There have been few studies examining the effectiveness of system-wide interventions to improve the care of patients after OHCA. Herlitz et al.[26] showed that the adjusted one-month mortality of OHCA patients transported to hospital varied markedly (58% to 86%) due to differences in the level of post-resuscitation treatment provision at hospitals. In one of the few implementation studies conducted in post-resuscitation care, Sunde et al.[27] demonstrated that following implementation of a standardized post-resuscitation treatment protocol including the use of therapeutic hypothermia amongst other critical care interventions, the in-hospital survival, neurological outcome and one-year survival all markedly improved compared to historical controls. However, this study was limited by its inability to control for secular trends over time and was limited by its before-after design. We believe our proposed study has methodological strengths compared to previous research, and will help to advance science in post-resuscitation care. More broadly, it will provide information about the effectiveness of active versus passive versus no interventions applied across a diverse healthcare system and multiple hospitals.

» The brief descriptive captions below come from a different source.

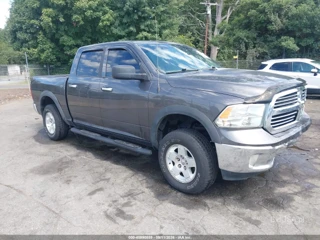 RAM RAM 1500 BIG HORN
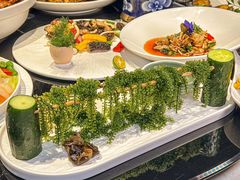 -夜宴江景餐厅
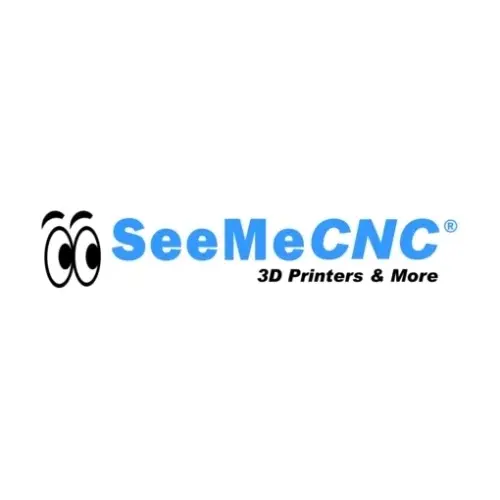 SeeMeCNC Promo Code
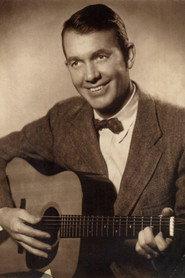 Terry Gilkyson as The Music Man in Star in the Dust 1956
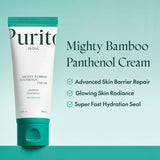 Purito Mighty Bamboo Panthenol Cream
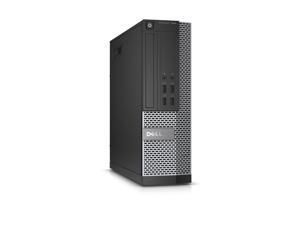 Dell OptiPlex 7020 SFF Desktop Computer Intel i3-4160 3.6GHz 4GB 500GB Windows 8 Dell OptiPlex 7020 SFF Desktop Computer Intel i3-4160 3.6GHz 4GB 500GB Windows 8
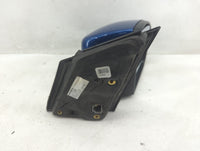 2018 Ford Focus Passenger Side View Mirror - Right Door Mirror OEM Used - Oemusedautoparts1.com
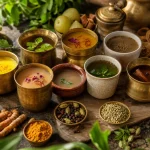8 Ayurvedic Healing Drinks for Every Season and Ailment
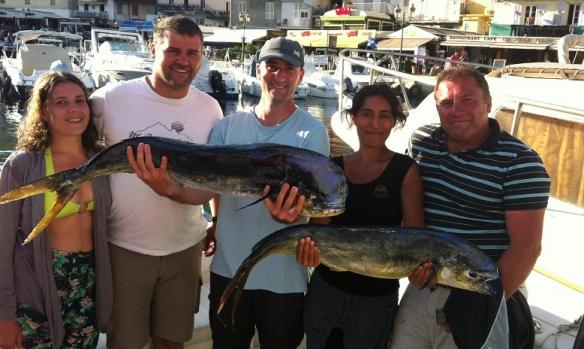 Bastia Offshore Fishing Club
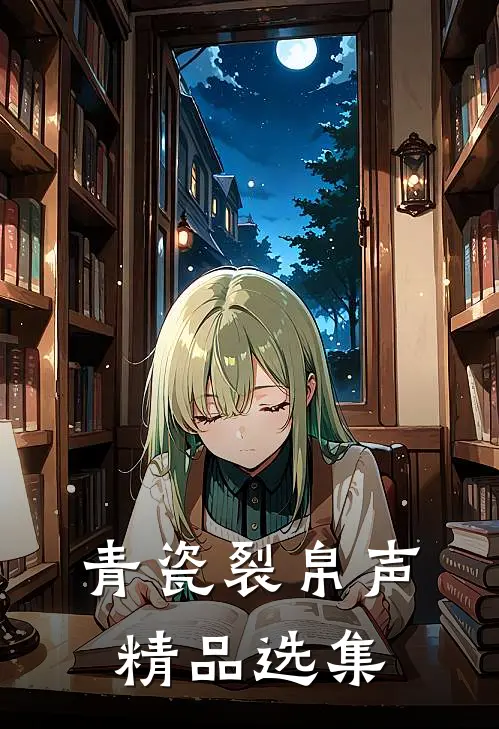 青瓷裂帛声精品选集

We anticipate several challenges to conducting this study. First, clinician engagement is a frequently identified barrier in knowledge translation research. We will address this challenge by engaging all levels of clinical staff from the start of the project in a consensus-driven approach and by developing customized implementation tools. Second, timely and accurate data collection for a large-scale pragmatic study is also challenging, especially within busy EDs and ICUs. We will partner with an established and successful data collection system to ensure that comprehensive data collection is feasible in all participating hospitals. Third, our ability to influence healthcare workers across EDs, ICUs, and cardiology services may be challenged by institutional and specialty-specific cultural issues. We hope to overcome this limitation by recruiting local champions from all three of these disciplines to help ensure that this project is fully implemented at each site.

We believe our study intervention will lead to improved patient outcomes, and also provide a model for organizing system-wide quality improvement initiatives. The SPARC Network has the potential to become a collaborative network of hospitals that improves all aspects of post-resuscitation care. If it is successful, we anticipate that promotion and adoption of induced hypothermia will only represent the first step in an ongoing process to advance science in the fields of knowledge translation, quality improvement, and resuscitation science.